**What is required**
Reproduce exactly the lines of the material beneath, from the line that contains "University Of Richmond map" to the line that contains "Built-in Handle Radio", both included, and no other lines.

**Records provided**
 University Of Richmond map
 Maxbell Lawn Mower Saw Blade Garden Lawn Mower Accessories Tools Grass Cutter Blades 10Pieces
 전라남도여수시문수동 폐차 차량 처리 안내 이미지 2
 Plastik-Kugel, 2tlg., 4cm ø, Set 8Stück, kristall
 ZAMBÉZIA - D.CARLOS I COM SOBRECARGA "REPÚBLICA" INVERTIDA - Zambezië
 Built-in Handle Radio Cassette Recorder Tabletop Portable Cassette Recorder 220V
==
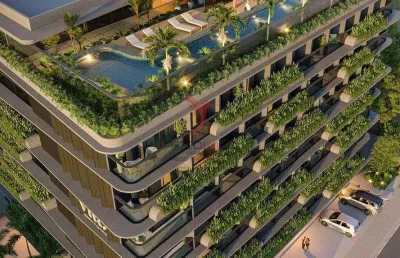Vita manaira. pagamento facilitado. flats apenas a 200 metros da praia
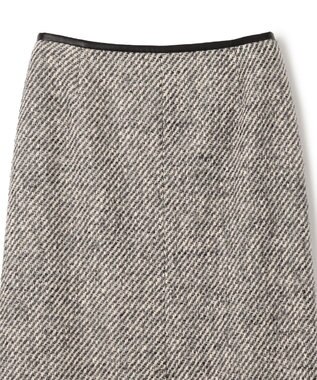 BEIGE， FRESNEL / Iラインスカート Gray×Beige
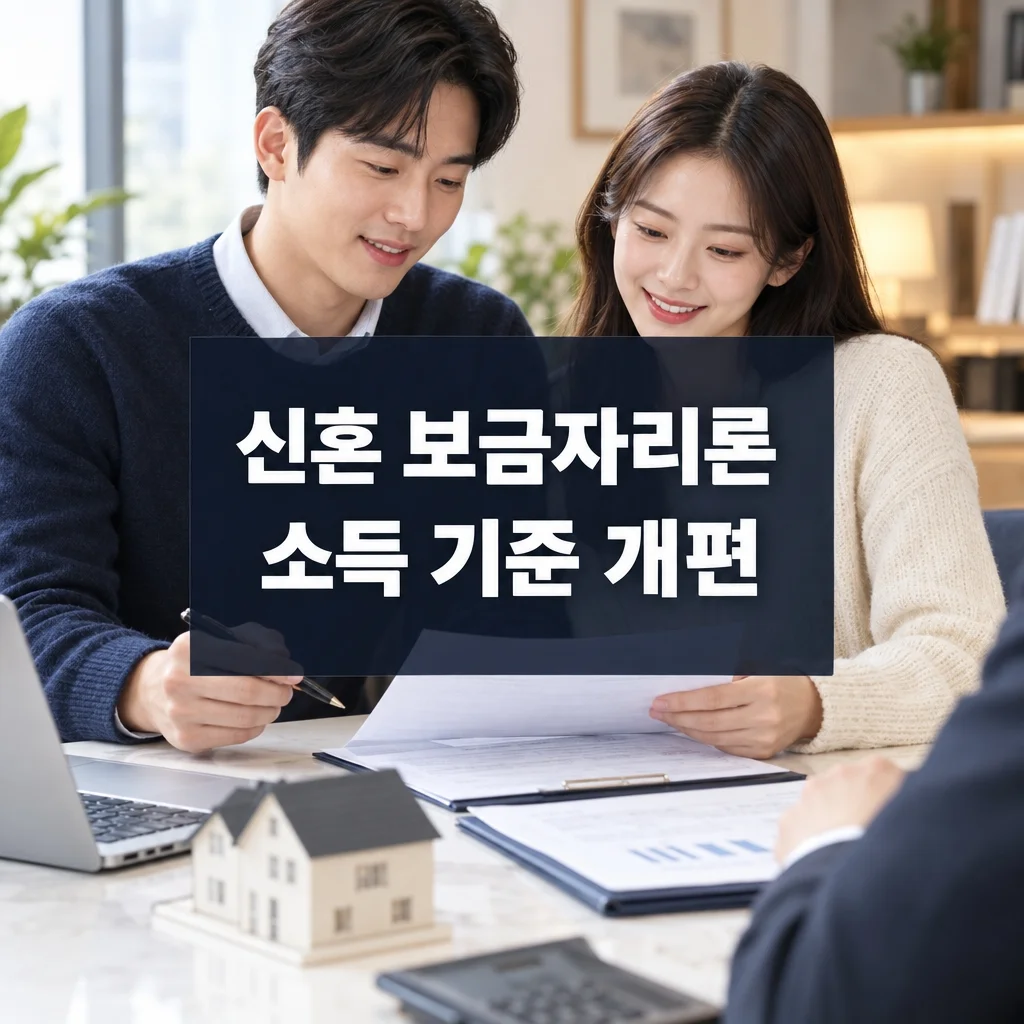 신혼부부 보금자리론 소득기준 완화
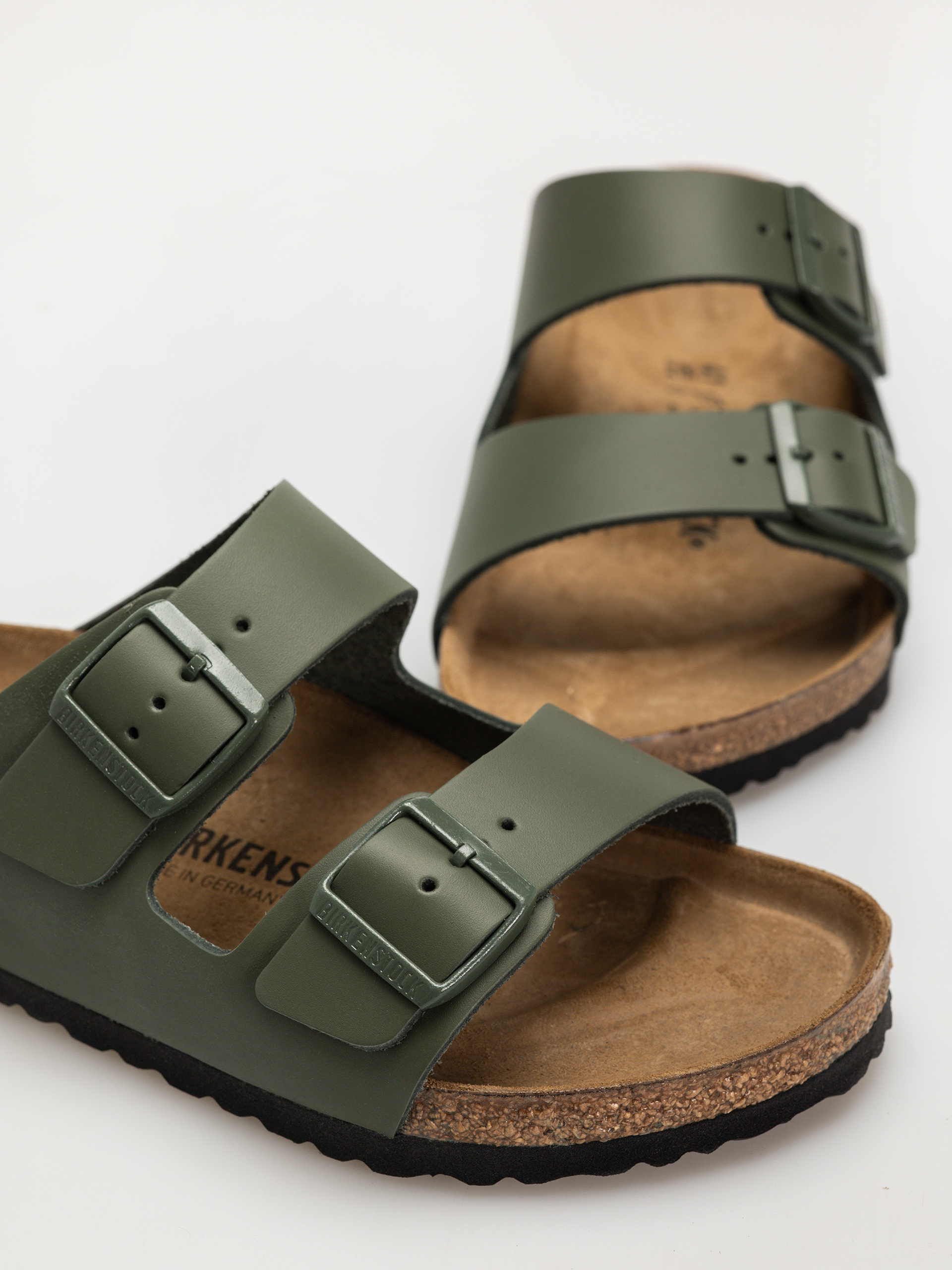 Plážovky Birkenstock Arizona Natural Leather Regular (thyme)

**Exercise solution**
 University Of Richmond map
 Maxbell Lawn Mower Saw Blade Garden Lawn Mower Accessories Tools Grass Cutter Blades 10Pieces
 전라남도여수시문수동 폐차 차량 처리 안내 이미지 2
 Plastik-Kugel, 2tlg., 4cm ø, Set 8Stück, kristall
 ZAMBÉZIA - D.CARLOS I COM SOBRECARGA "REPÚBLICA" INVERTIDA - Zambezië
 Built-in Handle Radio Cassette Recorder Tabletop Portable Cassette Recorder 220V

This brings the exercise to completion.